La crisi identitaria della classe operaia
A tutto questo si accompagna la fine della funzione della classe operaia come principale soggetto sociale su cui fondare il ruolo alternativo all’ordine costituito che la sinistra ha svolto nel corso del secolo scorso. Il paradosso è che con la globalizzazione la classe operaia diventa un soggetto diffuso a livello mondiale come mai lo era stato sino alla fine del secolo scorso. Ma proprio nel momento in cui diventa un soggetto universale essa sembra perdere qualsiasi ruolo antagonistico. Su questo tema ci sono molteplici ipotesi, alcune delle quali portano a una revisione delle basi teoriche del marxismo. Quel che è certo è che questo è un tema cruciale per il futuro della sinistra.
E infatti femminismo, ambientalismo, libertà civili e equità sociale, che per molti costituiscono l’orizzonte entro cui fondare una nuova sinistra, nonostante siano questioni fondamentali del tempo presente stentano a diventare la base di una nuova sinistra con basi di massa e radicata nello spirito pubblico delle società contemporanee.
La vitalità della sinistra in America latina
Sembrano inoltre insuperabili alcuni limiti che riguardano la dimensione storico-politica. È del tutto incomprensibile, infatti, la disattenzione delle forze della sinistra europea verso la vitalità dimostrate dalle forze di sinistra in America latina a cominciare dal Brasile. Solo Papa Francesco si è posto il problema di dare a Lula una scena internazionale entro la quale intessere nuovi rapporti e rompere l’isolamento.
E inoltre, in una situazione in cui la dimensione internazionale è quella decisiva per aprire nuove prospettive, il movimento sindacale, che della sinistra costituisce una componente decisiva, stenta a definire piattaforme rivendicative e vertenze a livello europeo di fronte a un processo ormai irreversibile di internazionalizzazione del capitale.

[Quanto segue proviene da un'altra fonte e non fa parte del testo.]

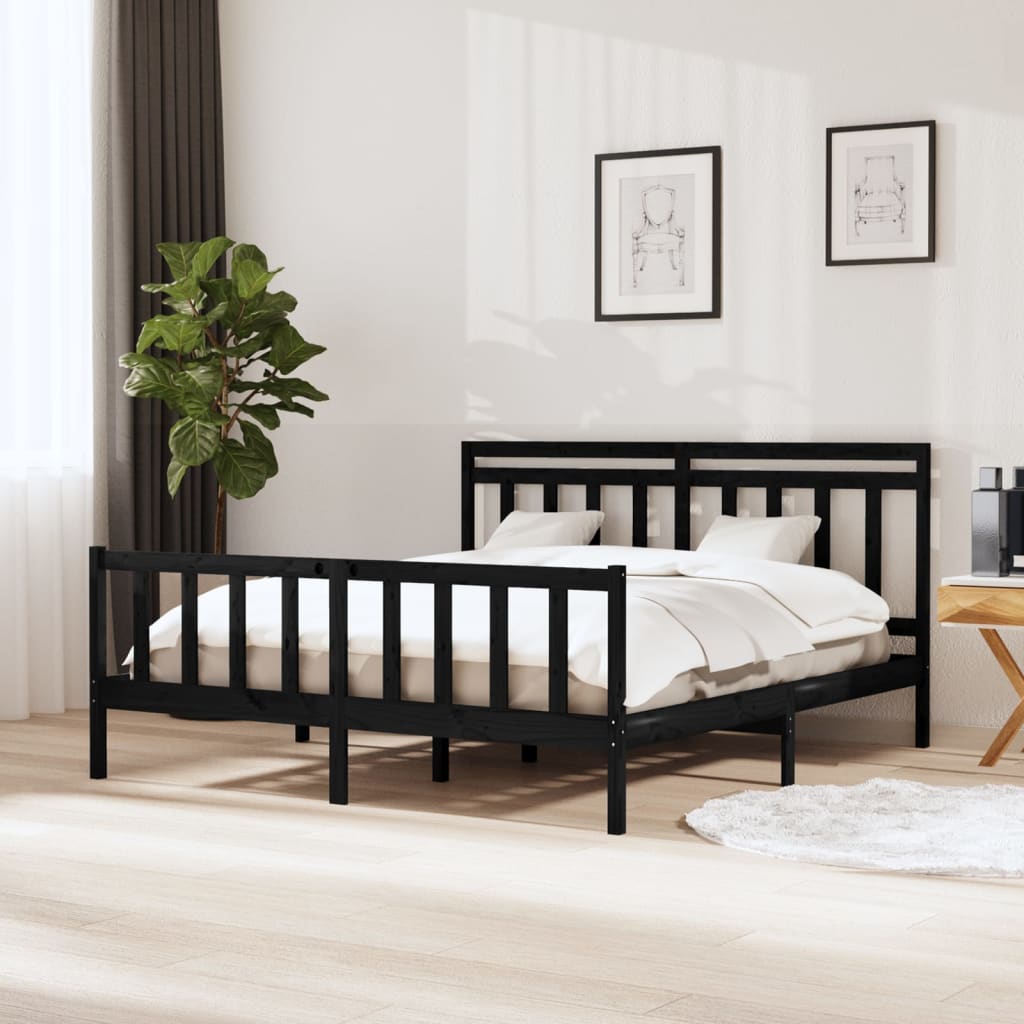 Bed Frame Without Mattress Super King Solid Wood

Come si vede i quesiti di fondo sul fatto se la sinistra avrà ancora un futuro oltre i confini del XX secolo sono tanti e ancora senza risposta. C’è solo da sperare che torni ad avverarsi la profezia di Marx sulla “vecchia talpa” che, quando tutto sembra perduto, scava sotto la superficie della storia per far riemergere dalle contraddizioni del tempo presente una prospettiva di liberazione dell’umanità dalle sue catene.